In 2010, Montgomery was invited to the Smithsonian National Air and Space Museum for the museum's annual African-American Family Day. He appeared on a panel alongside Morgan Watson, NASA's first Black engineer; and astronauts Leland Melvin (just back from the International Space Station), and Dr. Mae Jemison, NASA's first Black female astronaut. Montgomery retold his "Oh Great White Bastard" story on the panel (modifying the punchline for the children in the audience).
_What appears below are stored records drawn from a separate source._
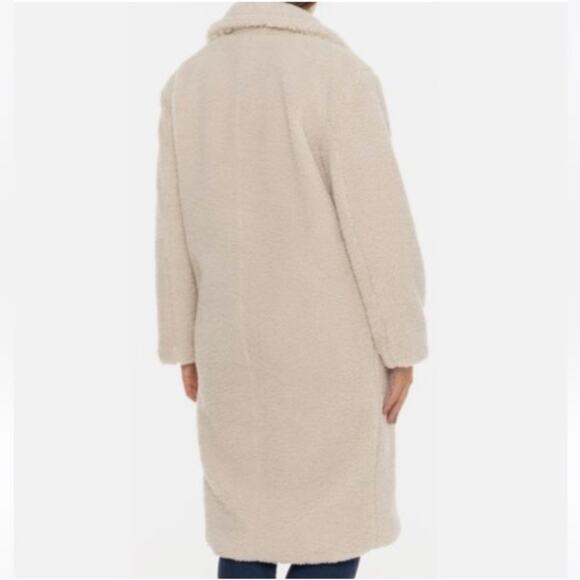Bearpaw NWT Neutral Ivory Cream Teddy Sherpa Faux Fur Trench Coat Jacket Sz 3X - Picture 2 of 14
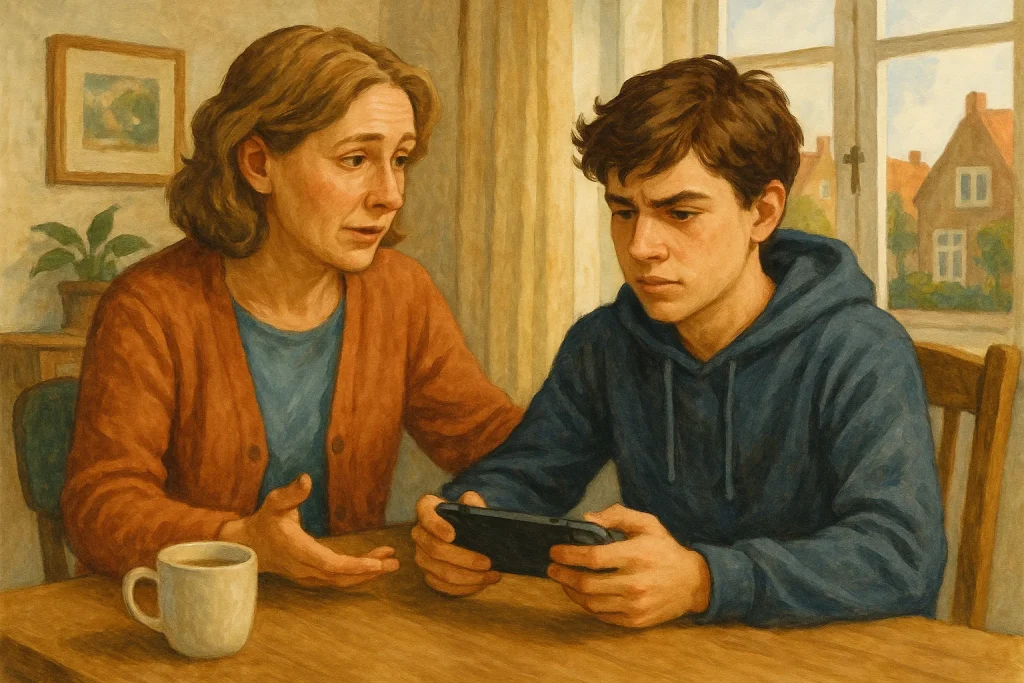 Ouder en tiener hebben rustig gesprek over schermgebruik
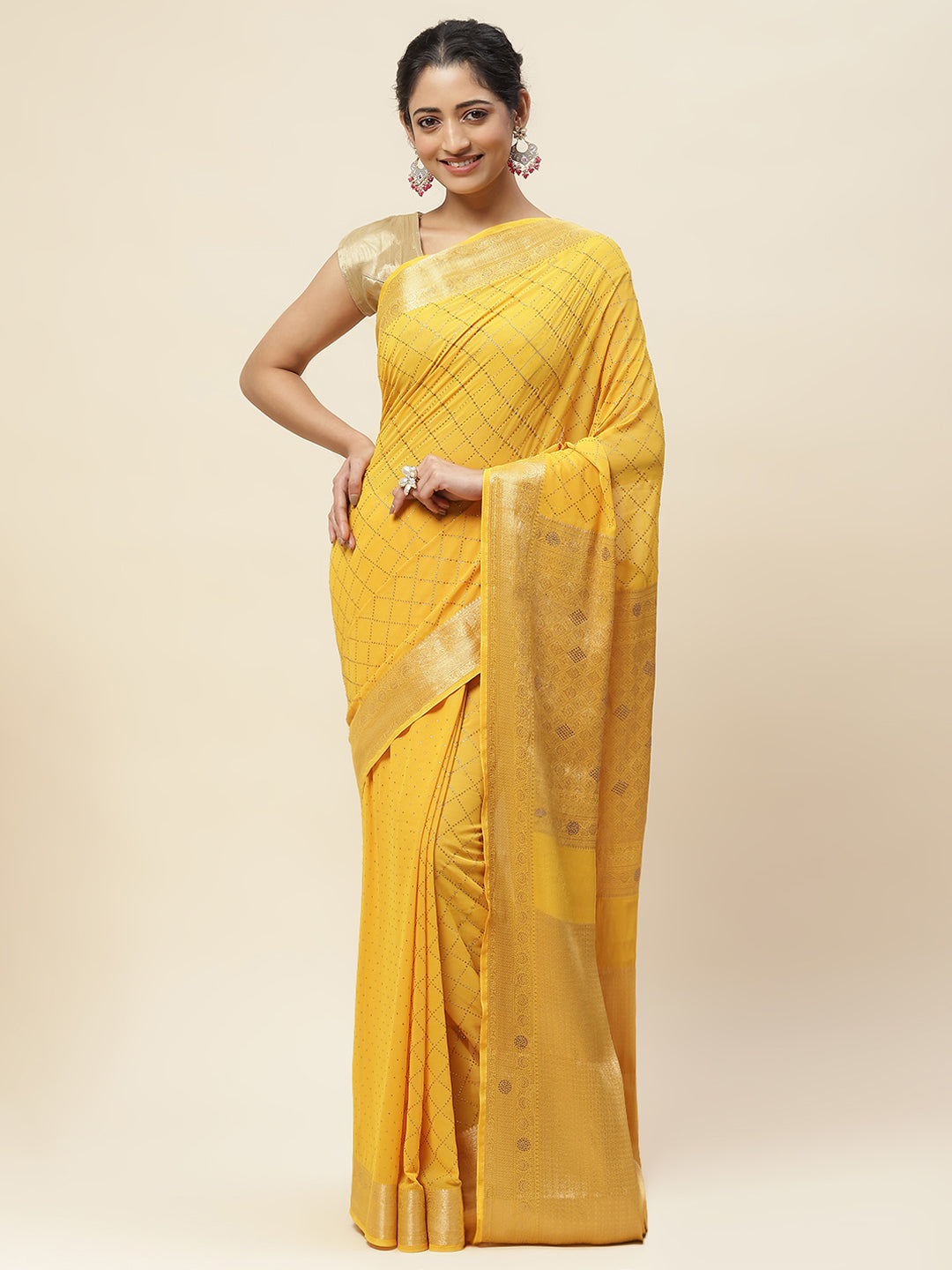 Stone Booti Woven Chiffon Saree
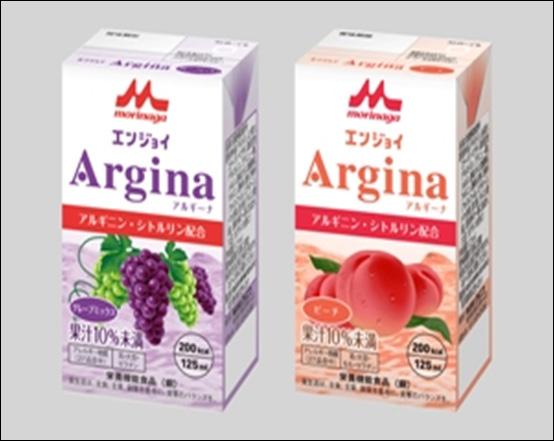2014 제 44 호유가공정보 일본, 모리나가유업 엔죠이 Argina < 그레이프믹스 > 엔죠이 Argina < 복숭아 > 아미노산아르기닌 (arginine) 2,500mg, 시트룰린 (Citrulline) 500mg, 콜라겐펩타이드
Later on, he sidled over to Leland Melvin and looked up (the astronaut, a former wide receiver for the Detroit Lions, towered over Montgomery) with wide-eyed awe. “I’ll tell you,” Montgomery said, “You astronauts; you’re the bravest people I ever met.” Leland Melvin return the look and his grin broke into a wide, beaming smile. “No, sir” he said. “I heard your story out there. You are the bravest person I ever met.” And Julius Montgomery laughed and Leland Melvin laughed and they shook hands.

==Death==
Montgomery died on January 22, 2020, at a nursing home in Melbourne, Florida. He was 90 years old. The cause of death was heart failure, according to his daughter Gaye Montgomery. Gaye established a scholarship at Florida Tech in her father's memory in 2022.